WASHINGTON -- Deployed service members are going to have to ditch their “geolocation devices” in response to a new memo from Deputy Defense Secretary Patrick M. Shanahan.
This includes physical fitness aids, applications in phones that track locations, and other devices and apps that pinpoint and track the location of individuals.
“Effective immediately, Defense Department personnel are prohibited from using geolocation features and functionality on government and nongovernment-issued devices, applications and services while in locations designated as operational areas,” Pentagon spokesman Army Col. Robert Manning III told Pentagon reporters [Aug. 6].
Deployed personnel are in “operational areas,” and commanders will make a determination on other areas where this policy may apply.
The market for these devices has exploded over the past few years, with many service members incorporating them into their workout routines. They use the devices and applications to track their pace, running routes, calories burned and more. These devices then store the information and upload it to central servers where it can be shared with third parties. That information can present enemies with information on military operations.
Using GPS Devices Pose Risk
“The rapidly evolving market of devices, applications and services with geolocation capabilities presents a significant risk to the Department of Defense personnel on and off duty, and to our military operations globally,” Manning said.
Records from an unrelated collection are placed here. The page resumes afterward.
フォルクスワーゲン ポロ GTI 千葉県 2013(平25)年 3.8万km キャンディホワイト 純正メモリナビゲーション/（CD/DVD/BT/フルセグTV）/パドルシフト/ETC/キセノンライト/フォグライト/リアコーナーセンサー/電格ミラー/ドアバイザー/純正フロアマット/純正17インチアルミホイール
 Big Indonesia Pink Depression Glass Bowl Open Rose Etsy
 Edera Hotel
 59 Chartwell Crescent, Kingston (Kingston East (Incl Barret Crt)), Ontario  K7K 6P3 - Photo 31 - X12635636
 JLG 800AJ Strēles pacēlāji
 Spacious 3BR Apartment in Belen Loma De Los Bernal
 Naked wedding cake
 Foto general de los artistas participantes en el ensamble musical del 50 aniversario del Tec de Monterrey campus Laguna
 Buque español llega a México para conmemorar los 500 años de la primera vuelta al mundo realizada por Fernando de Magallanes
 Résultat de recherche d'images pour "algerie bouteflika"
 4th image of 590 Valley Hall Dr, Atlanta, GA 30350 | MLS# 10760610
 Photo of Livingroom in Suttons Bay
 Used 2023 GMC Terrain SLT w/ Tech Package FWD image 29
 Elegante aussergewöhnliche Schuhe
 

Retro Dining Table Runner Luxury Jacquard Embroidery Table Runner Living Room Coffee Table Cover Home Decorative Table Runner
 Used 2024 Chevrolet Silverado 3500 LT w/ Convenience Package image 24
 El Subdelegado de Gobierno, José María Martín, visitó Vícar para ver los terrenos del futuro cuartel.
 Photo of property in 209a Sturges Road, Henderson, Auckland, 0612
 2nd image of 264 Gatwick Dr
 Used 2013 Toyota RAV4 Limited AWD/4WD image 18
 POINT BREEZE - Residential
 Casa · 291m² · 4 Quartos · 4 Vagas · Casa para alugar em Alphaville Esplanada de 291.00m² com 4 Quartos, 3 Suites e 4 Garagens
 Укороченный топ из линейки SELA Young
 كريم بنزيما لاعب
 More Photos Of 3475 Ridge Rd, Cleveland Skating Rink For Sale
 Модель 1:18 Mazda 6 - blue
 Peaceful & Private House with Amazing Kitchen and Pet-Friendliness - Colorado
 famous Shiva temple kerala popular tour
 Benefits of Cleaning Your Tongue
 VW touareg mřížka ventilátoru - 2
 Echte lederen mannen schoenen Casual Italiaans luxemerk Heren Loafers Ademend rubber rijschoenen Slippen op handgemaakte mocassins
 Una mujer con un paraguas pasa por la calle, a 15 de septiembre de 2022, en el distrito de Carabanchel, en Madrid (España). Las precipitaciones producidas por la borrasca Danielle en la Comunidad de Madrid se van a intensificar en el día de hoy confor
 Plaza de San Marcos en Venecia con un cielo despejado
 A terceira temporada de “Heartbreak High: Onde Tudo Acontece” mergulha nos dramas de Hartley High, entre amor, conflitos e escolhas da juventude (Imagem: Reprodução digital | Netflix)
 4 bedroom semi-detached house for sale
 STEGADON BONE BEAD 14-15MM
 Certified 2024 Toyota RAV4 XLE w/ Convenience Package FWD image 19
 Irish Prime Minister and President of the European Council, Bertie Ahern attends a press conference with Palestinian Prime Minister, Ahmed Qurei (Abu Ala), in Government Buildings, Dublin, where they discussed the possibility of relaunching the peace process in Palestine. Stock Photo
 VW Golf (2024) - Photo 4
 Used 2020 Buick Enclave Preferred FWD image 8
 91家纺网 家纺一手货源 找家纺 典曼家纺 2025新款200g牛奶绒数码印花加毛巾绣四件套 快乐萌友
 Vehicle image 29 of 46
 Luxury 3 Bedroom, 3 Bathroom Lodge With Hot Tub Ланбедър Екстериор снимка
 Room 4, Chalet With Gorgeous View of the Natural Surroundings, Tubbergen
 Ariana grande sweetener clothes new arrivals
These Global Positioning System capabilities can expose personal information, locations, routines and numbers of DoD personnel. Their use in overseas locations “potentially create unintended security consequences and increased risk to the joint force and mission,” Manning said.
Personal phones and other portable devices also contain apps that rely on GPS technology, and they will be affected. Commanders will be responsible for implementing the policy, and they will be allowed to make exceptions only after conducting a thorough risk assessment.
Security is at the heart of this guidance. DoD seeking a balanced way that allows for legitimate official and personal uses of geolocation technology that does not impact security.
Manning said the department will continue to study the risk associated with these devices and change the policy as needed.